李讜は、河中臨晉の人である。若き時秦・雍の間を遊び、人となり勇悍にして力多く、甚だ気誼有り。唐の広明初年、黄巢が長安を陥すと、讜は遂にその間に仕えることを得た。巢は讜を内樞密使と為した。蓋し讜は曾て宦者に委質し、宮禁の間を出入りしたので、巢は此を以って用いたのである。その後巢軍既に敗れると、讜は乃ち身を束ねて太祖に帰参し、左徳勝騎軍都將に任じられた。太祖に従い蔡賊を討ち、頗る軍功を立てた。及び東に兗・鄆を伐つに及び、率いる所の士伍を以って俘獲甚だ多く、元従騎将に改め、檢校右僕射を表授された。郴王友裕が兵を領して澤州を攻め、時に太祖は大軍を盟津に駐め、乃ち讜に命じて兵を将いて太行を越えさせ、籌謀を授けた。讜は頗る節度に違い、久しくして功無し。太祖は追還を遣わし、廷においてその罪を責め、河橋においてこれを戮した。

李重胤

李重胤は、宋州下邑の人である。状貌雄武、初め黄巢の党中に在り、剛鷙と推された。唐の中和四年五月、尚譲・李讜等と共に衆を率いて繁台に至り、太祖の軍と相拒した。及び巢の寇漸く衰えると、乃ち衆を率いて来降した。太祖は素よりこれを識り、次第を問わず抜擢任用し、先鋒歩軍都頭に任じた。胡真と共に河陽を援け、懐州に逼った。重胤は部下の兵を以ってこれを突き、蕃将安休休に射中てた。また李讜と共に騎軍を率いて陝に至り、郭言に応接し、回って澠池に次ぎ、賊帥黄花子の衆を破り、滑州夾馬指揮使に改めた。蔡賊が汴を囲むと、重胤は歩兵を以って三寨を攻め下し、擄獲甚だ多し。太祖は大いに挙兵して宗権を伐ち、重胤に滑兵を以って先鋒たらしめた。及び東に徐州を討ち、豊・蕭二邑を下し、右廂馬歩軍指揮使に転じた。大順元年秋、郴王友裕に従い澤州を収め、晉軍と馬牢川において戦い、王師敗績し、回って河陽を守った。太祖は諸将に謂いて曰く、「李讜・重胤は我が節度に違い、功を立てること能わず、頗る任使に辜う。」ここにおいて李讜と並び河橋において戮した。

範居實

範居實は、絳州翼城の人である。太祖に事え、初め隊将と為り、従って巢・蔡を討ち功有り。また朱珍に従い滑州を収め、左廂都虞候に改めた。兗・鄆を破る功に参与した。感義都頭・鄭州馬軍指揮使に遷った。幽州の劉仁恭が衆を挙げて南下し、魏郡の北を寇すと、居実は葛從周・張存敬と共に兵を率いて魏を救い、内黄において幽・滄の衆を大破した。太祖は昭宗を岐下に迎え、居実を以って河中馬軍都指揮使と為した。及び昭宗が京に還ると、迎鑾毅勇功臣を賜い、遥かに錦州刺史を領し、また左龍驤馬軍都指揮使に遷った。淮南を征して回り、登州刺史に改め、左神勇軍使に転じた。開平元年、潞州に軍を用い、居実に命じて軍を統べさせて澤州の囲みを解かしめた。耀州刺史を授け、郡兵を以って固鎮に屯せしめ、間もなく澤州刺史を除した。居実は拳勇にして善戦し、頗る軍功を立てたが、郡において戎備を治めず、詔して闕に追赴せしめ、その玩寇の罪を暴してこれを斬った。

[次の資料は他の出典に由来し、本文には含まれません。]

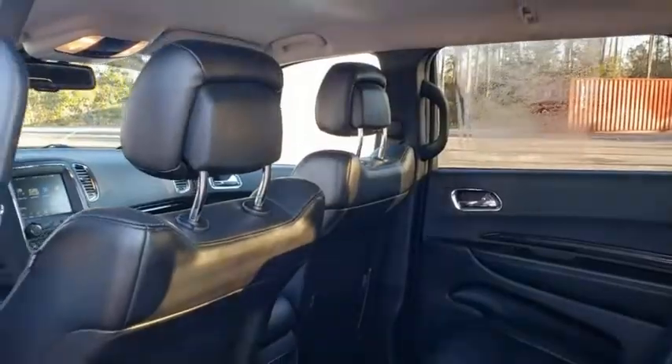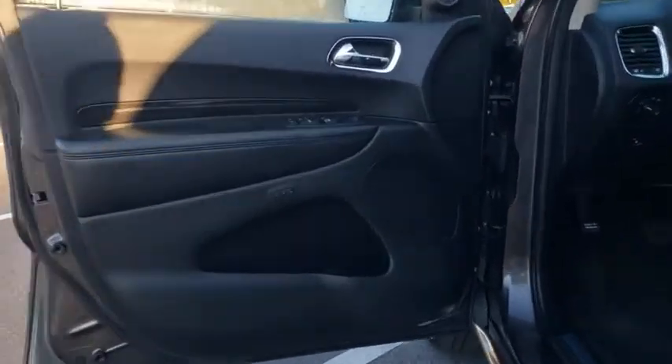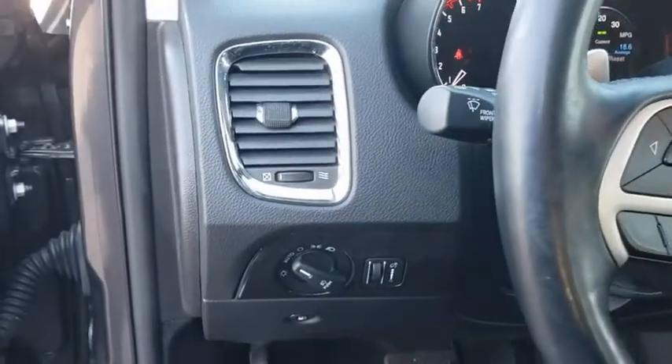Bluetooth, leather-wrapped steering wheel, adjustable steering wheel, power steering, aluminum wheels, auto-dimming rear-view mirror, four-wheel disc brakes, cruise control, floor mats, keyless start, and AM FM stereo radio.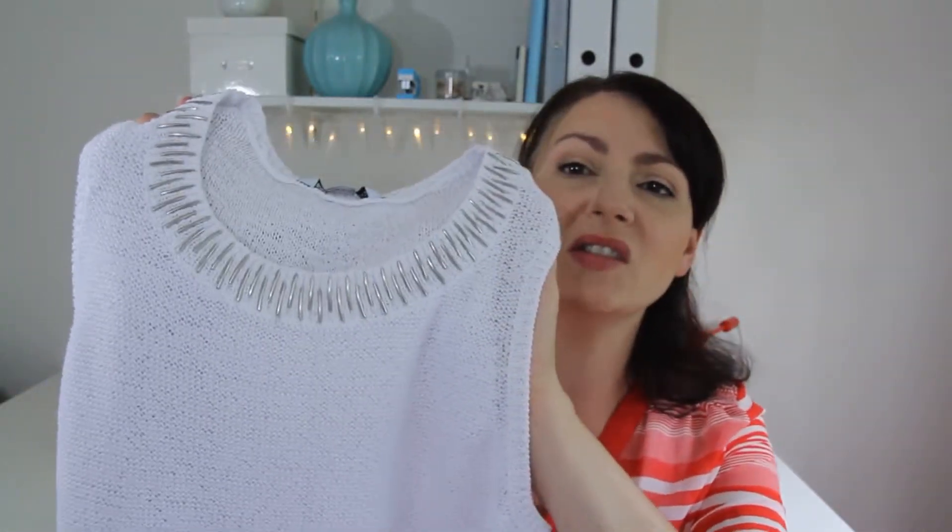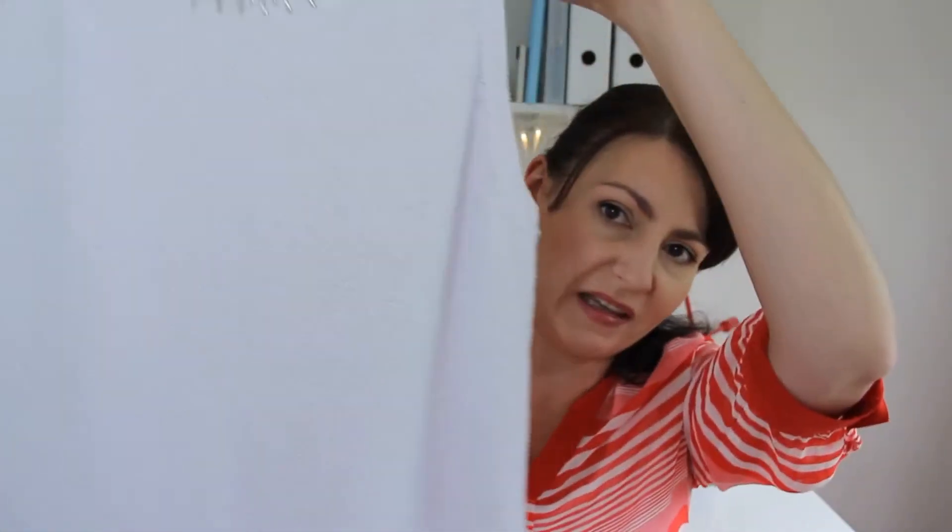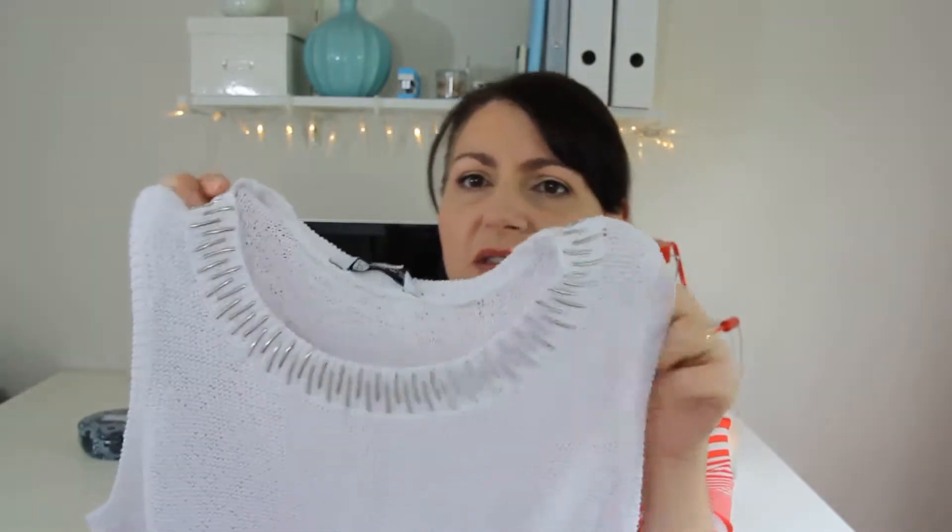The next thing that I got was this top. It's just a white basic top and it's again a lightweight knit top and it's got this silver embellishment around the collar there, which looks quite cute. I got this top in the sales — it was from Rockmans and it was initially $49.99 and it was down to $25, so that was a bit of a bargain. A white top like this can just go with so much — jeans or a cute skirt or something like that.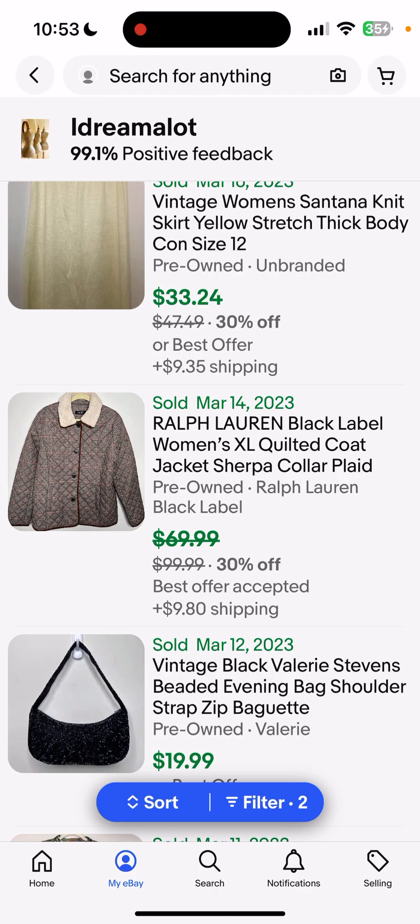I had that skirt probably for two years, and the cost of goods was $1. The next item is this Ralph Lauren Black Label Women's XL Quilted Coat. It had a Sherpa collar and was like a plaid or herringbone print. I accepted an offer of $50 on that jacket.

史臣曰く、叔琮以下は、皆鷹犬の才を以て、恰も雲龍の会に遇い、王室に勤労し、将壇を践履す。然れども俱に其の死を得ず、豈に惜しまざらんや。得ずや、鳥尽きて弓蔵さる、理当に是の如きか。将に梁祖の雄猜、漢高の大度無きか。乃ち知る、古より帝王、功臣を保全し能う者は、唯だ光武一人のみなるを。語に曰く、「父と君を弑するも、亦従わざるなり」と。而るに叔琮・友恭は之に従う、何ぞや。既に盗蹠に嗾さるる所と為りて、豈に成済の誅を免れんや、臨終の言、益々其の醜を彰すなり。